XHUK-FM / XEUK-AM
- Caborca, Sonora; Mexico;
- Frequency: 95.3 FM / 570 AM
- Branding: La UK

Programming
- Format: Regional Mexican

Ownership
- Owner: Grupo Radio Palacios; (Radio Palacios, S.A. de C.V.);
- Sister stations: XHCBR-FM, XHEZ-FM

History
- First air date: August 22, 1984 (concession)

Technical information
- Licensing authority: CRT
- Class: AA (FM) C (AM)
- Power: 0.5 kW
- ERP: 6.5 kW
- HAAT: -1.4 m
- Transmitter coordinates: 30°43′31″N 112°09′46″W﻿ / ﻿30.72528°N 112.16278°W

Links
- Webcast: Listen Live
- Website: lauk.com.mx

= XHUK-FM =

Radio station in Caborca, Sonora, Mexico

XHUK-FM/XEUK-AM is a radio station in Caborca, Sonora, Mexico.
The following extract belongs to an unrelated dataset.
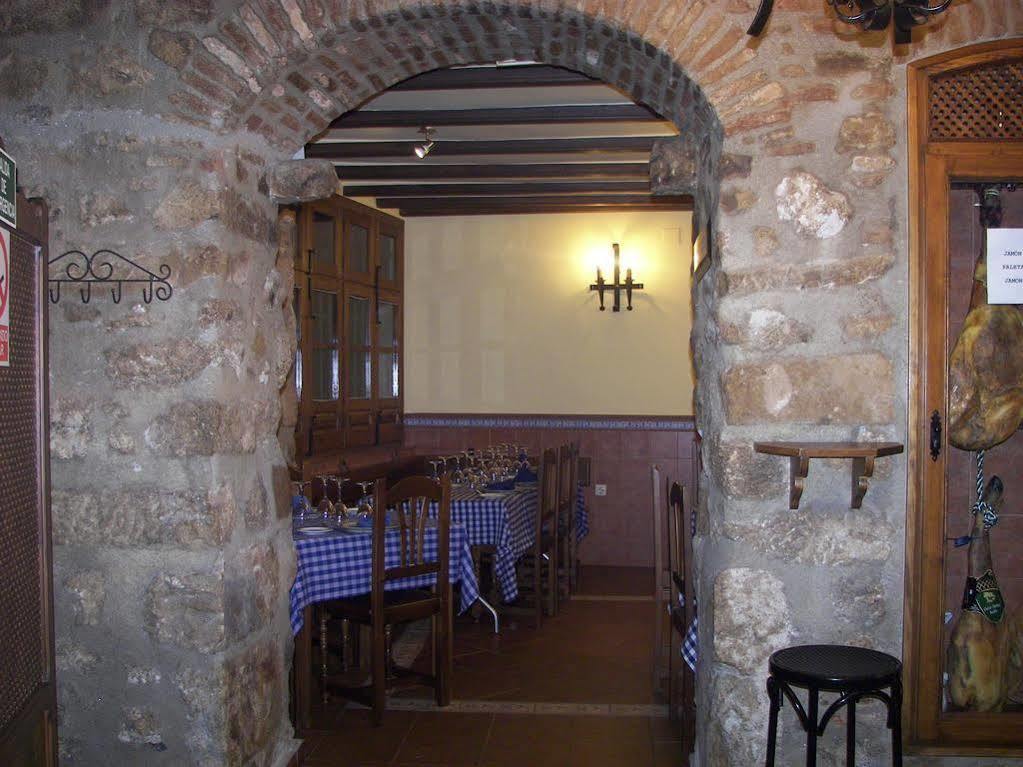 Hostal Hueso Trujillo Exterior photo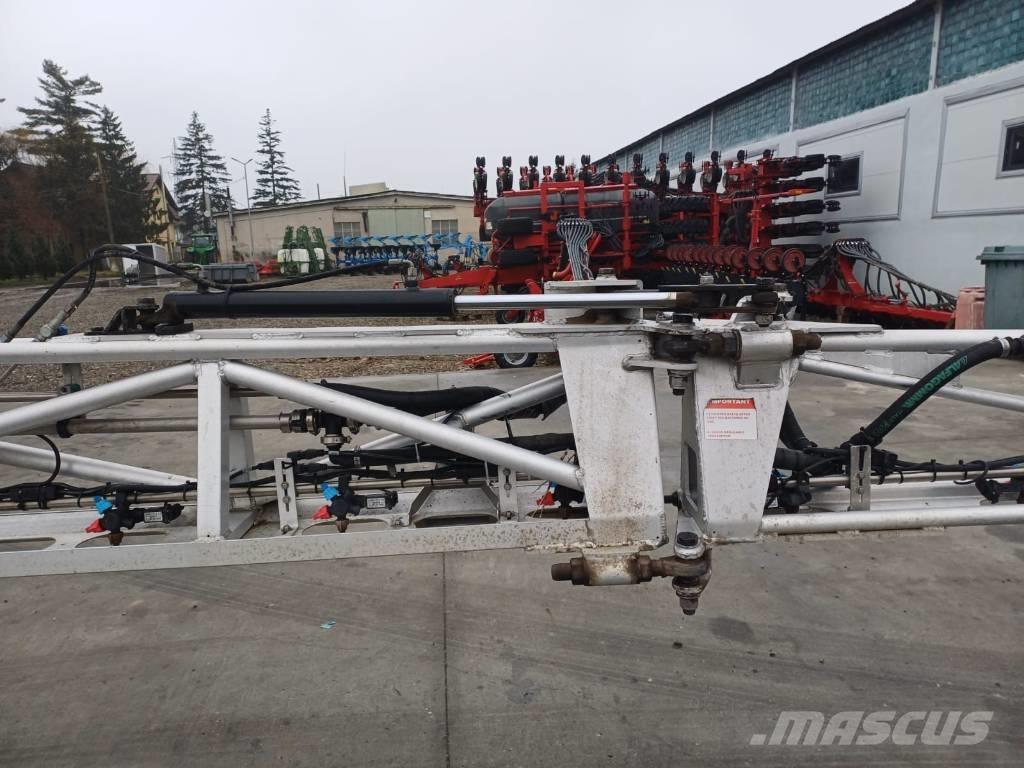 Fendt Rogator 635 肥料撒佈機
Broadcasting on 95.3 FM and 570 AM, XHUK is owned by Grupo Radio Palacios and branded as La UK with a regional Mexican format.

==History==
XEUK-AM received its concession on August 22, 1984. It was owned by Bernardo Cruz Bedolla and broadcast as a 500-watt daytimer on 1470 kHz. By the 1990s, XEUK was on 570 kHz and had begun nighttime broadcasts with 250 watts.

XEUK was authorized to migrate to FM in 2011, but it was required to maintain its AM station, as communities could lose radio service were the AM station to go off the air.